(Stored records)
━━━━

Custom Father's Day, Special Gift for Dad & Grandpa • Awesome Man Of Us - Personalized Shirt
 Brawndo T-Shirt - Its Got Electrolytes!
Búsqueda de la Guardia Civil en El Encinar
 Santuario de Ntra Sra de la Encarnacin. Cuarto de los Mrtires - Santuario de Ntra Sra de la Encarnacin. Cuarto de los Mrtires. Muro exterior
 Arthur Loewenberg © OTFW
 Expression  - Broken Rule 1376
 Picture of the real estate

━━━━

Instructions to follow: Reproduce each record exactly as it appears.

Your response:
Custom Father's Day, Special Gift for Dad & Grandpa • Awesome Man Of Us - Personalized Shirt
 Brawndo T-Shirt - Its Got Electrolytes!
Búsqueda de la Guardia Civil en El Encinar
 Santuario de Ntra Sra de la Encarnacin. Cuarto de los Mrtires - Santuario de Ntra Sra de la Encarnacin. Cuarto de los Mrtires. Muro exterior
 Arthur Loewenberg © OTFW
 Expression  - Broken Rule 1376
 Picture of the real estate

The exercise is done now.